Looking a little like Br'er Rabbit in his battle with the tar baby, the Energy Department yesterday ordered Ohio's largest gasoline retailer to boost its pump prices by 10 cents a gallon.

The price increase, imposed on Standard Oil Co. (Ohio), was meant to bring Sohio's prices in line with other Ohio gasoline marketers, particularly a group of independent dealers who protested that their inability to compete with Sohio's low prices was driving them out of business.

Sohio, had been selling regular gasoline for as low as $1.01 a gallon recently, thanks to a subsidy it receives on Alaskan crude oil shipments to its gasoline refineries. The subsidy is created under the Energy Department's entitlements program, which is meant to equalize the costs United States refiners pay for crude oil.

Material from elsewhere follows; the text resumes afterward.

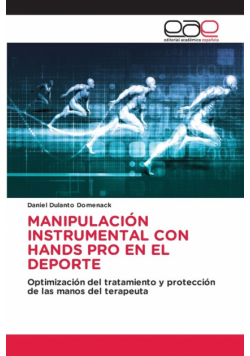 Manipulación Instrumental Con Hands Pro En El Deporte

But the effort to undo the effects of the subsidy in Ohio by Marvin Goldstein, head of the Energy Department's Office of Hearings and Appeals, plunged the department into new controversy yesterday.

Rep. Lyle Williams (R-Ohio) called for a congressional investigation.

Goldstein's order could force Sohio to add the 10-cents surcharge to its pump prices for three months while the Energy Department tries to untangle the regulatory conflicts.

In the short run, the order amounts to a $14 million federal tax on Sohio's gasoline over May, June and July because Goldstein directed that proceeds from the added gasoline charge be paid to the Treasury.

He left open the possibility of a revision in regulations that would include the $14 million in the pool of funds that oil companies pay each other to equalize refiners' crude oil costs.

Jack Blum, representing independent gasoline marketers, had complained that Sohio, Exxon Corp. and Arco -- the principal importers of Alaskan crude oil -- had a price break of between $4 and $7 a barrel thanks to the entitlements program.

The concession had been granted initially to permit the companies with Alaskan oil to compete with domestic oil companies that didn't face the high costs of transporting the Alaskan crude to the lower 48 states.

But the steady escalation in oil prices worldwide and in the United States has permitted the Alaskan oil producers to compete readily with domestic refiners.

Sohio, in statement yesterday, said it will take the Energy Department to court.